• _Supplied information_:
---

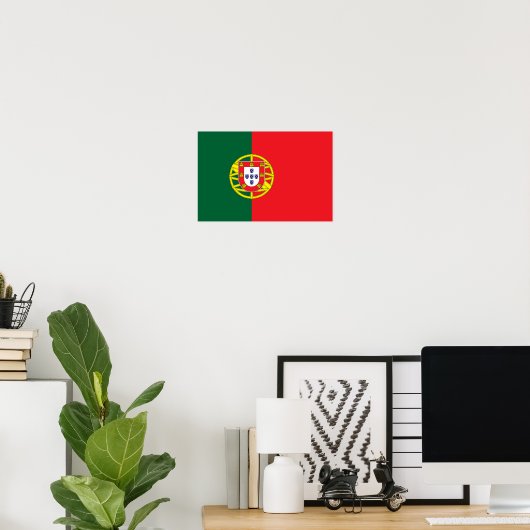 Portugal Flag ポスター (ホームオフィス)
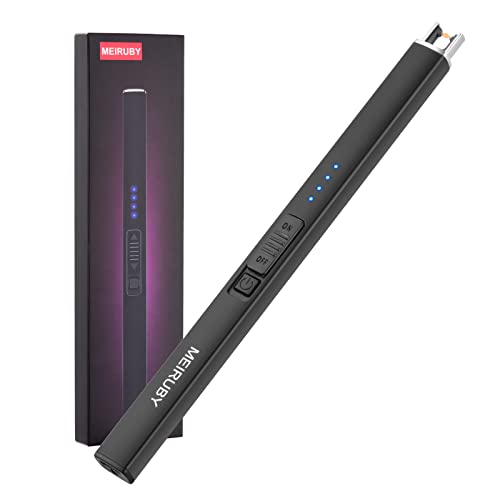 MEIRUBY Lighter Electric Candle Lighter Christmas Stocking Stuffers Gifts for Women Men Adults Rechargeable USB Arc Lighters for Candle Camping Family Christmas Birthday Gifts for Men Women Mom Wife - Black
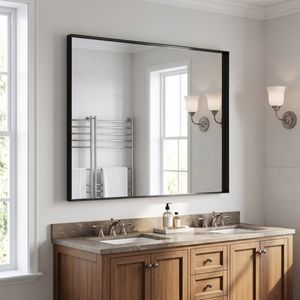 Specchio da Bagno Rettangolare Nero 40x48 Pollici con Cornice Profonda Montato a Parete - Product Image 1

---

Leaving the pictures out, output each line of the listing exactly.

• _The answer_:
 Portugal Flag ポスター (ホームオフィス)
 MEIRUBY Lighter Electric Candle Lighter Christmas Stocking Stuffers Gifts for Women Men Adults Rechargeable USB Arc Lighters for Candle Camping Family Christmas Birthday Gifts for Men Women Mom Wife - Black
 Specchio da Bagno Rettangolare Nero 40x48 Pollici con Cornice Profonda Montato a Parete - Product Image 1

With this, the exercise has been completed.